According with ROC curve graph presented in Fig. 5, the adaptive SE appears to achieve better results and, considering the original image resolution that is 1296x966 pixels, the differences with other methods become more significant. Also, the the accuracy performance was contrasted with the ROC curve since considering only the accuracy measure can conduct to wrong results and missinterpretations as described by (Zhu, 2010). For example, one of the highest accuracy performances was achieved using an adaptive SE with size of 1x1. However, making a closer view in data presented at Table 2 and contrasting with ROC curve presented in Fig. 6, the true-positive fraction was very low compared with a SE with size of 65x65 were the true-positive fraction assesses the accuracy factor.

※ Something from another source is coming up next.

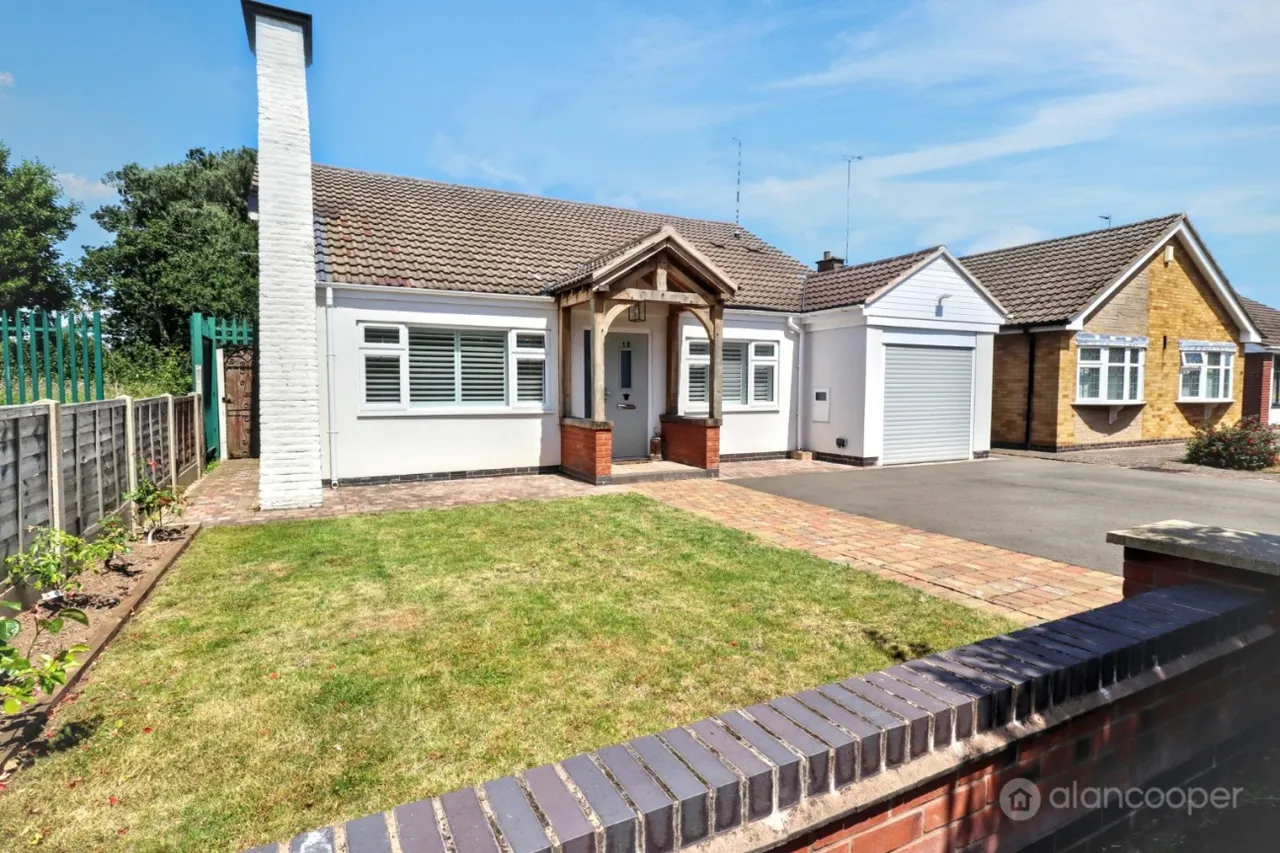 Ambleside Way, St Nicolas Park, CV11, photo 37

Also, it is important to realize about the SE shapes and their content. For example, disk and diamond SE’s are solid shapes unlike those generated by UMDA since it has not restrictions in any way. This means for example, that disk and diamond shapes has not empty regions inside unlike those achieved by UMDA. Due to the presence of empty regions inside of the adaptive SE’s the removal or keeping of certain elements inside the image could be done in a wrong way by the processes of erosion and dilation performed by the top-hat operator. This is an important issue to be addressed and studied on future research works since it could conduct to improve the results by adding shape restrictions to the UMDA. Based on this study, future work will be related to reduce the decay rates by adding constraints to the search strategy in order to overcome current issues and also, as a mean to generate a robust set of structuring elements that could be applied to a wide variety of sizes and sizes of crops into digital images.